There are many ways to honor the memory of the Rev. Martin Luther King Jr., but none more important this year than defending the freedom to vote.
On Saturday, Dr. King’s birthday, and Monday, the federal holiday, groups from around the country will march across bridges to commemorate the Bloody Sunday clash in March 1965, when voting rights advocates were accosted and beaten as they crossed the Edmund Pettus Bridge in Selma, Ala. On the Vineyard, marchers will meet at Five Corners at 1 p.m. Saturday and walk across the drawbridge.
Specious claims of voter fraud in the 2020 election have led to repressive laws in many states designed to discourage or deny access to the ballot, some targeted specifically at African-Americans. President Biden and Democrats in Congress pushed this week for passage of federal legislation aimed at making it easier to vote and protecting against partisan interference.
Voter suppression has a long history in America, and even the right for most to vote was hard won over generations.

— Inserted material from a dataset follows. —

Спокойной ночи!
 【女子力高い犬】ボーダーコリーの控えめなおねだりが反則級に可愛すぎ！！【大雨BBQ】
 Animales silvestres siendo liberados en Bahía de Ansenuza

The 15th Amendment, ratified by the states in 1870, extended the right to vote to men of all races. Women did not gain suffrage until 1920, and adults between 18 and 21 could not vote until 1981.
But even as voting rights expanded, restrictions like literacy tests and poll taxes that effectively negated those rights persisted. Dr. King and others successfully campaigned for the landmark Voting Rights Act of 1965, which specifically sought to enforce the 15th amendment by, among other things, providing federal oversight of localities with a history of voter suppression.
That authority was eroded by the U.S. Supreme Court in 2013, even as new barriers to voting were in the works in dozens of states. Today, gerrymandering of voting districts and laws that make it more difficult to register and restrictions on mail and absentee voting have replaced the crude suppression tools of the past.
The death this week of Lani Guinier, a civil rights lawyer and longtime Oak Bluffs seasonal resident whose career was devoted to voting rights and electoral reform, marks the end of another generation’s efforts to uphold not just the right to vote, but the freedom to do so.
Based on the belief that people should be fairly represented by those that govern them, her writings on proportional voting cost her a nomination as assistant U.S. attorney general in the 1980s. She went on to join the Harvard Law School faculty, the first woman of color to be tenured, where many of her views became mainstream.
Polls suggest that Americans want free and fair elections, but don’t put the issue on their list of priority concerns. History suggests that the right to vote must be vigorously defended. One way to honor the legacies of Dr. King and Professor Guinier is to take up their cause.